= Try it =
Please output the section of the listing below that opens with the line containing "The Darling Effect’s" and closes with the line containing "a large jetliner", exactly and with nothing else.

= Input material =

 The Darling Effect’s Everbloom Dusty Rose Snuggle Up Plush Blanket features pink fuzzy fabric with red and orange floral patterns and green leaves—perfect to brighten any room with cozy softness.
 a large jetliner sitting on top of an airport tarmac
---
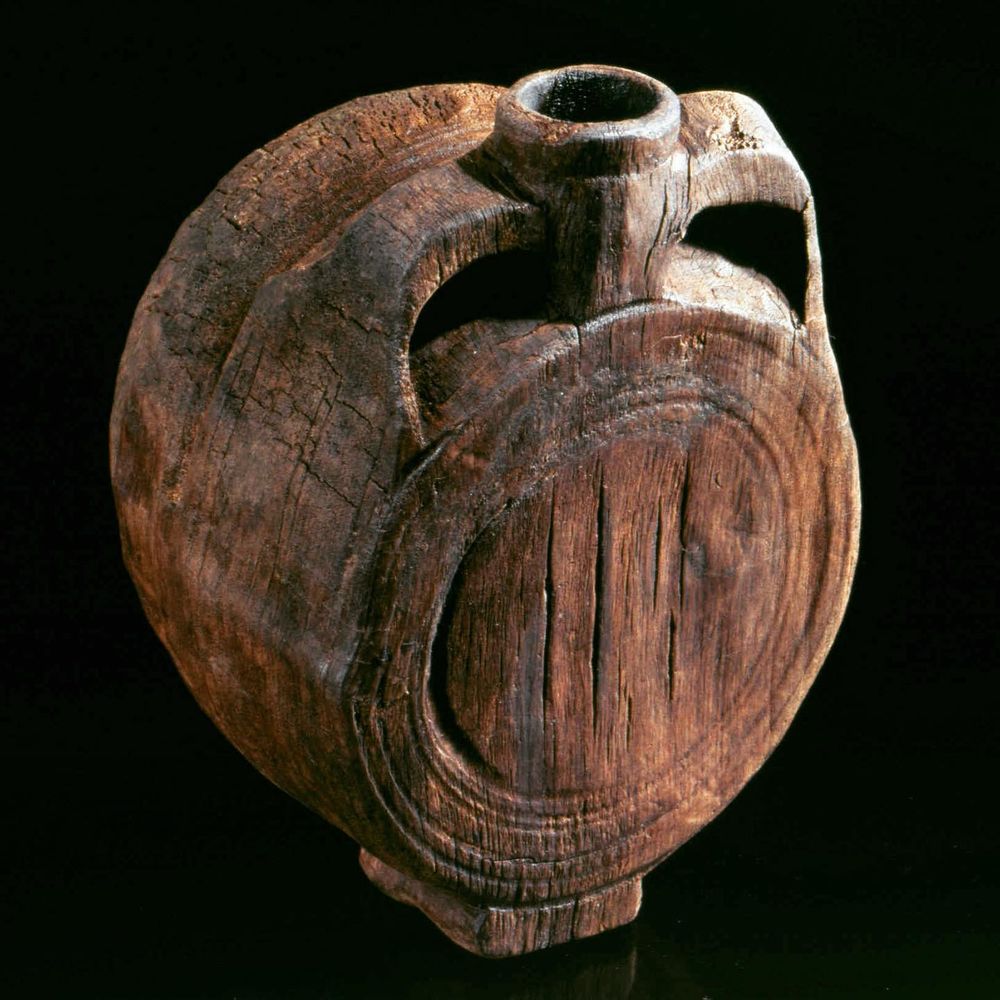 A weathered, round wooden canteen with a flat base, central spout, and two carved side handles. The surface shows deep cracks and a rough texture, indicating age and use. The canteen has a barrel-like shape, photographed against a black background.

= Solved exercise =
 The Darling Effect’s Everbloom Dusty Rose Snuggle Up Plush Blanket features pink fuzzy fabric with red and orange floral patterns and green leaves—perfect to brighten any room with cozy softness.
 a large jetliner sitting on top of an airport tarmac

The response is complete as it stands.